Wherein, the labeling of the diastolic data and the systolic data respectively comprises:

marking the diastolic data and the systolic data manually, and marking the coronary image data of each frame manually; or, the quick labeling is performed by image data with cardiac cycle data.

The data acquisition module 23 is configured to acquire cardiac cycle data of the specific coronary vessel image according to a cardiac cycle database.

The recognition module 3 is configured to select, from multiple frames of blood vessel contour images, a plurality of sub-blood vessel contour images with a front definition as key frame blood vessel contour images according to the definition of the blood vessel contour images. Preferably, the requirement of the invention can be met by selecting one of the most clear blood vessel contour images in each group of multi-frame blood vessel contour images as a key frame blood vessel contour image.
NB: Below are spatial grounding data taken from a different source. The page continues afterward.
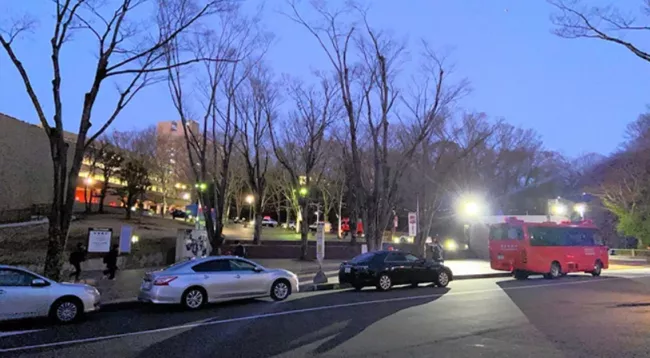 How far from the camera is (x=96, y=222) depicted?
40.7m

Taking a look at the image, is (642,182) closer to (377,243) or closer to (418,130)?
(418,130)

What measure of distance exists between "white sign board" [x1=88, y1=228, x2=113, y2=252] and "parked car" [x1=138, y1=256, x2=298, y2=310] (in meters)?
7.14

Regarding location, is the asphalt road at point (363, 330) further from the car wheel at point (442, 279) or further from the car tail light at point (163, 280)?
the car wheel at point (442, 279)

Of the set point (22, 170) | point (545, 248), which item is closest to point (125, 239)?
point (545, 248)

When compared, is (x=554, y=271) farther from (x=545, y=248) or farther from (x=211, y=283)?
(x=211, y=283)

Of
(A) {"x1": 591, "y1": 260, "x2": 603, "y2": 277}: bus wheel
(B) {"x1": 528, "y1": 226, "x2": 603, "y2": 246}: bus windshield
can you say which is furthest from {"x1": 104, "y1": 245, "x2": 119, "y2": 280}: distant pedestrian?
(A) {"x1": 591, "y1": 260, "x2": 603, "y2": 277}: bus wheel

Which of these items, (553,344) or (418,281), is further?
(418,281)

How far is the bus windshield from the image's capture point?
23.8 metres

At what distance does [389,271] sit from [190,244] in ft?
39.0

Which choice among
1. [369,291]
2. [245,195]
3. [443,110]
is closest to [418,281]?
[369,291]

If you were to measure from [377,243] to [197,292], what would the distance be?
13006 millimetres

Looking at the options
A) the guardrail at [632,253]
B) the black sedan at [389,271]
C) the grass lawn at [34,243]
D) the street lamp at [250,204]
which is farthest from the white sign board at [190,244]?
the street lamp at [250,204]

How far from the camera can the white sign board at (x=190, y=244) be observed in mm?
25234

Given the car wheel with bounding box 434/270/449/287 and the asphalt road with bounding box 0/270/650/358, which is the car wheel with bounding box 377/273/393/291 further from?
the asphalt road with bounding box 0/270/650/358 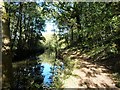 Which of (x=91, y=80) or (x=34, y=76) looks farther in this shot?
(x=34, y=76)

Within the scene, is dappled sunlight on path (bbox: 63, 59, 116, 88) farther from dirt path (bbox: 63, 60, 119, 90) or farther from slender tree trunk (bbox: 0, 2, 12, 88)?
slender tree trunk (bbox: 0, 2, 12, 88)

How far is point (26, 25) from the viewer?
40500mm

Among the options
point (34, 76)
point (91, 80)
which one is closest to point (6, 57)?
point (91, 80)

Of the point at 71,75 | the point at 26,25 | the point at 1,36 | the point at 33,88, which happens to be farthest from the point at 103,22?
the point at 26,25

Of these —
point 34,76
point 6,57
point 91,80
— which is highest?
point 6,57

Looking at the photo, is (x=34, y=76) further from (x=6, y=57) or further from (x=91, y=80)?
(x=6, y=57)

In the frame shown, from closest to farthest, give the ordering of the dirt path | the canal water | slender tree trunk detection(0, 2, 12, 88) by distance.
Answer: slender tree trunk detection(0, 2, 12, 88) → the dirt path → the canal water

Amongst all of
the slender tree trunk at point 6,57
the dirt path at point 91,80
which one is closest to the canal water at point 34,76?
the dirt path at point 91,80

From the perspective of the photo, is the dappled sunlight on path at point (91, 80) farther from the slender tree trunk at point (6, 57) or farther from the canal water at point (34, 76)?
the slender tree trunk at point (6, 57)

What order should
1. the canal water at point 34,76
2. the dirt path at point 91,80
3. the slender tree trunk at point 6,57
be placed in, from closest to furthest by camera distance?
the slender tree trunk at point 6,57, the dirt path at point 91,80, the canal water at point 34,76

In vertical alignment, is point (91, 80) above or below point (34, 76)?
above

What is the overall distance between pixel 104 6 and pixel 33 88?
7.70 m

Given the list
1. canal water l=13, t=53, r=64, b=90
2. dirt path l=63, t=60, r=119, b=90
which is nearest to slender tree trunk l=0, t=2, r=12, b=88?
canal water l=13, t=53, r=64, b=90

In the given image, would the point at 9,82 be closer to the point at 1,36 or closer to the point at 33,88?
the point at 1,36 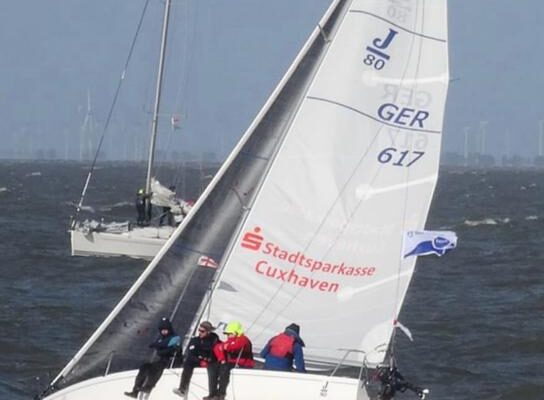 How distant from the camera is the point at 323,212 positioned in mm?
15773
The processing module 4 is configured to divide the cardiac cycle data in one cardiac cycle into several parts according to a preset time period, preferably, divide the cardiac cycle data into four parts, and at least one diastole and one systole in the preset time period. Further, the processing module 4 is specifically configured to perform image processing on the key frame blood vessel contour image to obtain a cardiac cycle model map; measuring the maximum vessel diameter and the minimum vessel diameter of the vessel of interest at the same time in the target area according to the cardiac cycle data diagram; and/or vessel diameters at different times at the same location of the vessel of interest. The present embodiment is described by taking a diameter as an example, but the present invention is not limited to this diameter parameter, and includes parameters such as FFR value of blood vessel, area of blood vessel, volume, and the like.

Further, the cardiac cycle data includes: labeling the blood vessel of interest in the blood vessel of the target area according to the coronary image data, so that the labeled blood vessel is subjected to key observation contrast.

Preferably, the processing module 4 in the present invention is configured to divide the cardiac cycle data in one cardiac cycle into several parts according to a preset period of time.

Specifically, the processing module 4 is specifically configured to perform image processing on the key frame blood vessel contour image to obtain a cardiac cycle model map;

measuring the maximum vessel diameter and the minimum vessel diameter of the vessel of interest at the same time in the target area according to the cardiac cycle data diagram; and/or vessel diameters at different times at the same location of the vessel of interest.

In the present invention, the display module 5 is capable of simultaneously displaying a plurality of areas, each of which displays different types of image information.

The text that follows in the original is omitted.